Дома я на всякий случай ничего Батане не рассказала. А вечером раздался звонок в дверь, в комнату вошла Нюра (входную обычно открывала она) и сказала: «Татьяна Матвеевна, тут к вам про Люсю узнать пришли». Я была тут же, и то, что она назвала меня «Люся», а не «Люська» (Люська не было ругательно, просто так получилось из армянского «Лусик»), насторожило, но Нюра продолжила: «Учительница ее узнать что-то пришли».. Батаня посмотрела на меня строго, и тут появилась учительница. Она ужасно стеснялась, не хотела проходить, и Батаня с трудом уговорила ее войти в комнату и сесть. Я думала, что она будет ругать меня, потому что ощущала, что в чем-то неуловимом была с ней невежлива, но учительница стала меня хвалить, что я такая грамотная и мне «не место в нулевке». Она говорила, что сама что-то не может сделать и что Батаня пусть уж сделает одолжение: пойдет в школу и куда-то меня переведет. Потом она еще долго «уходила». Тогда Батаня предложила: «Может, вы останетесь с нами к чаю?», но она сказала «нет, нет, что вы» и ушла по-настоящему. Батаня ее проводила до входной двери, а вернувшись в комнату, сказала: «Не понимаю, почему она такая испуганная. Чего она боится?» — и снова, - уже вопросительно, посмотрела на меня. Я рассказала ей все, как было, и тогда она сказала: «Надо говорить — служащие». — «Но они же партработники, это ты служащая». — «Да? По-твоему, так? — и потом, как бы передразнивая меня дважды повторила: «Партработники! Партработники!» — и после паузы уже более спокойно: «Нечего людей пугать, говори — служащие. И Жуковского нечего везде читать».

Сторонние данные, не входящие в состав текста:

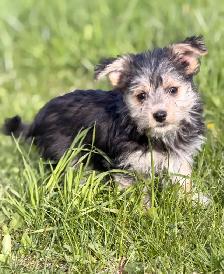 Morkie puppies available - Photo 2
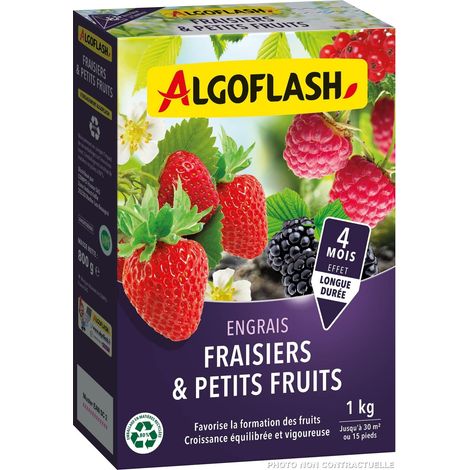 Engrais Fraisiers et Petits Fruits 1 kg FRAI1N (1/5)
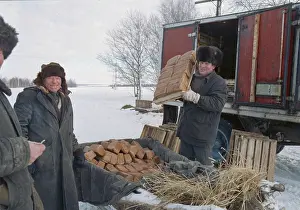Bring: Bread Cross-road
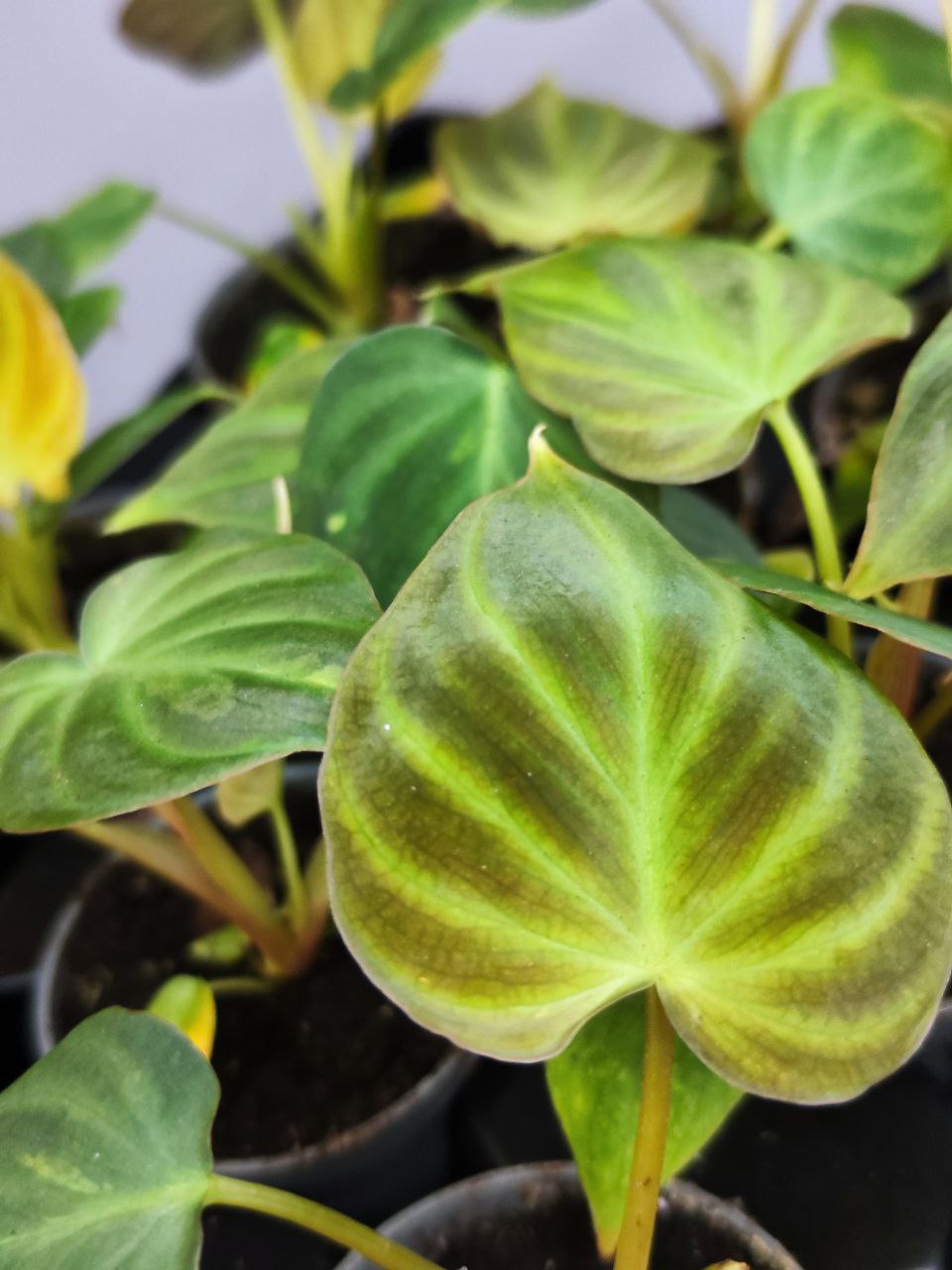 Филодендрон Веррукозум, или Бородавчатый (Philodendron Verrucosum) D6см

На следующий день наш швейцар, который разрешал мне зимой сидеть с ним у камина в вестибюле, а я носила ему папины папиросы (он говорил «попробовать», хотя это был всегда один и тот же «Казбек»), сказал мне: «Ну, что вчера учительница приходила, ругать, наверное, хотела? Но я ей сказал, что отец твой Алиханов большой начальник здесь был, а теперь в Москве и того больше». — «Но он не начальник был, а секретарь райкома». — «А что это, по-твоему, не начальник?» — «Конечно, нет». — «Эх ты, умная такая девочка, а вот не понимаешь — очень даже большое это начальство — райком, так что не бойся, ругать она тебя не посмеет».